SambaNova Systems: SambaNova Systems develops AI hardware chips with custom software as a full-stack enterprise solution. Like Cerebras, SambaNova Systems’ DataScale platform enables private companies, such as Accenture, to train their own AI models on proprietary data. Both companies have also released their own AI models, with SambaNova Systems releasing Samba-1, the first one trillion parameter enterprise model. Similar to Cerebras, SambaNova Systems is also capable of both training and inference. Running on its SN40L chip released in September 2023, which can run a five trillion parameter model, the Samba-1 model outputs 1K tokens per second. In comparison, GPT-4 running on clusters of 128 Nvidia A100 GPUs only outputs 21.4 tokens per second. Founded in 2017, SambaNova Systems had raised a total of $1.1 billion at a valuation of $5 billion as of September 2024, including a 2024 crowdfunding round that raised $1.5 million. In secondary markets, SambaNova’s valuation was estimated at $1.2 billion as of September 2024.

Graphcore: Graphcore custom processors, powered by its Intelligence Processing Unit (IPU) technology, enable 16 times faster AI training and inference speeds compared to Nvidia GPUs.

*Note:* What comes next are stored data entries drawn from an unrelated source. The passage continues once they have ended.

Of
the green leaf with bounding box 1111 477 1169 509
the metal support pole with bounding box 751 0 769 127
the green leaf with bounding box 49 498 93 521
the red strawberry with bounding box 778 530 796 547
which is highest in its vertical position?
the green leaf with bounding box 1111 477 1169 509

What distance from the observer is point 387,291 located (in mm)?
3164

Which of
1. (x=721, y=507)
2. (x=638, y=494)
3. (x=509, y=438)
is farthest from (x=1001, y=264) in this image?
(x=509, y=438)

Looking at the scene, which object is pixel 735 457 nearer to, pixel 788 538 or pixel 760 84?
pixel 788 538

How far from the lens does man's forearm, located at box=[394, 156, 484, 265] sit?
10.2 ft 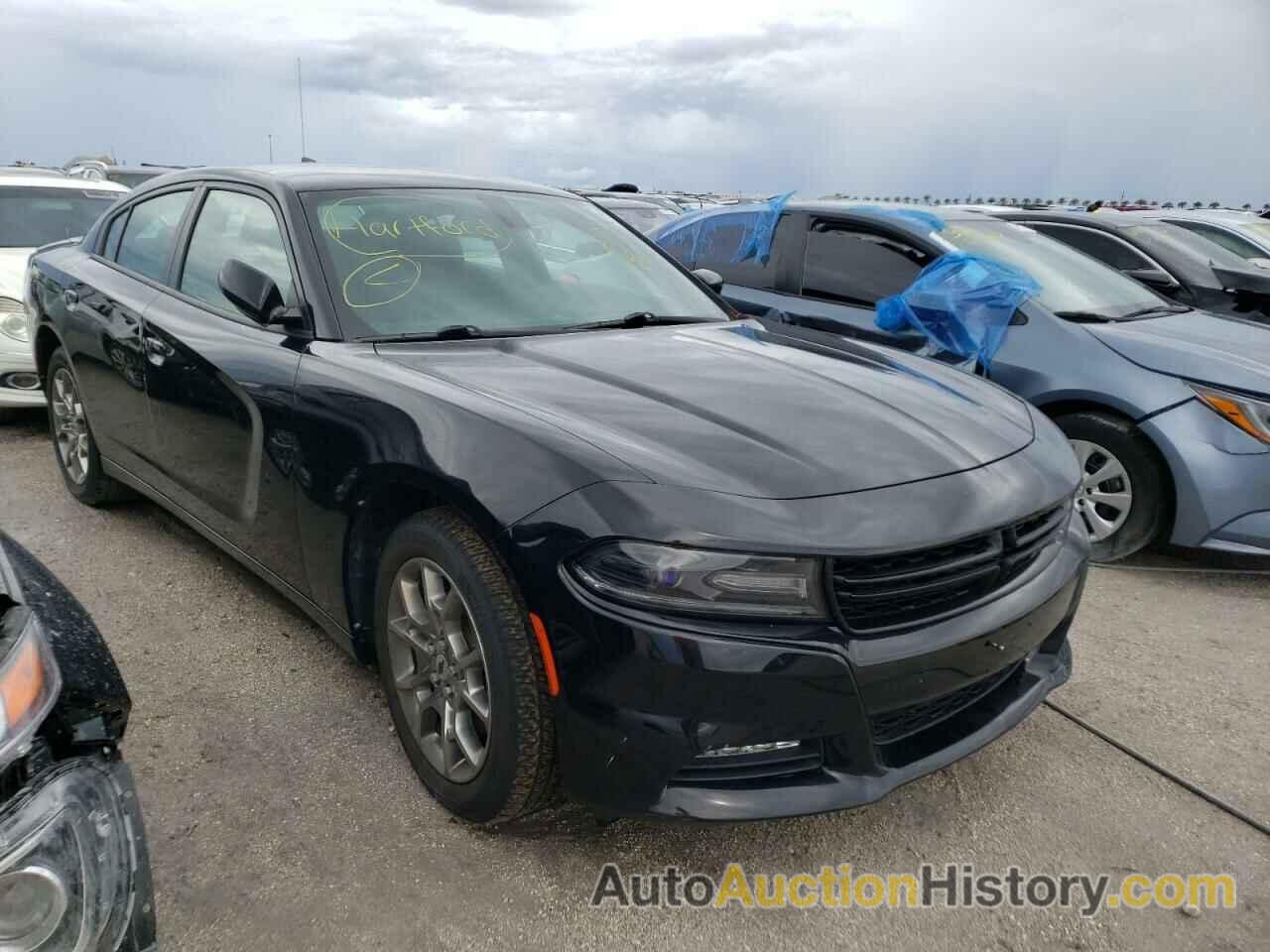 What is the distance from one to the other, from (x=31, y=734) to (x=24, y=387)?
5287 mm

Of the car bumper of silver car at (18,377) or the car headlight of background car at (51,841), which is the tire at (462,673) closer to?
the car headlight of background car at (51,841)

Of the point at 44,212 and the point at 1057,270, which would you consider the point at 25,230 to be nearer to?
the point at 44,212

Customers can train and deploy AI models using Graphcore’s Colossus MK1 IPU and Colossus MK2 IPU on the cloud or by purchasing its on-premise Bow Pod Systems for local development. Its customers include J.P. Morgan, Aleph Alpha, Carmot Capital, Microsoft, Citadel, and various universities, including the Imperial College London, Berkeley, Oxford, and Stanford. Graphcore was founded in 2016 and had raised a total of $682 million as of September 2024, being valued of $2.8 billion in 2020. However, Graphcore has struggled to gain further traction – reporting a 46% revenue drop from 2021 to 2022 and was in talks to be acquired by SoftBank as of May 2024.

Rain AI: Backed by Sam Altman of OpenAI, Rain AI manufactures brain-inspired “neuromorphic processing units” (NPUs) to optimize AI training and inference at maximum energy efficiency. Although not much is revealed about Rain AI’s NPUs, former Meta architecture leader Firoozshahian and Apple’s semiconductor leader Allegrucci joined the Rain AI team in June 2024. Rain AI was founded in 2017 and had raised over $40 million as of September 2024. Rain AI's energy-efficient chips may be attractive to companies prioritizing cost savings through reduced energy usage, potentially competing with Cerebras for customers who don't require the high-performance solutions Cerebras offers.

AI Inference Competitors

Ampere Computing: Ampere Computing develops energy-efficient CPUs for a wide range of computing solutions – including AI inference, web services, edge computation, and data analytics. Using a newly designed processor architecture, the Ampere Altra and higher-end AmpereOne CPUs use up to 67% less power for AI inference than a GPU and can be scaled linearly. Additionally, through a partnership with Nvidia, Ampere Computing offers full CUDA support when paired with Nvidia’s GPUs. Other notable partnerships include Oracle Cloud, Microsoft Azure, Google Cloud, Hewlett Packard Enterprise, Cloudflare, Cruise, and Tencent Cloud. Founded in 2017, Ampere Computing has raised $853 million and filed with the US Securities and Exchange Commission (SEC) for an original IPO date of April 2023. However, that has since been postponed and it remains a private company.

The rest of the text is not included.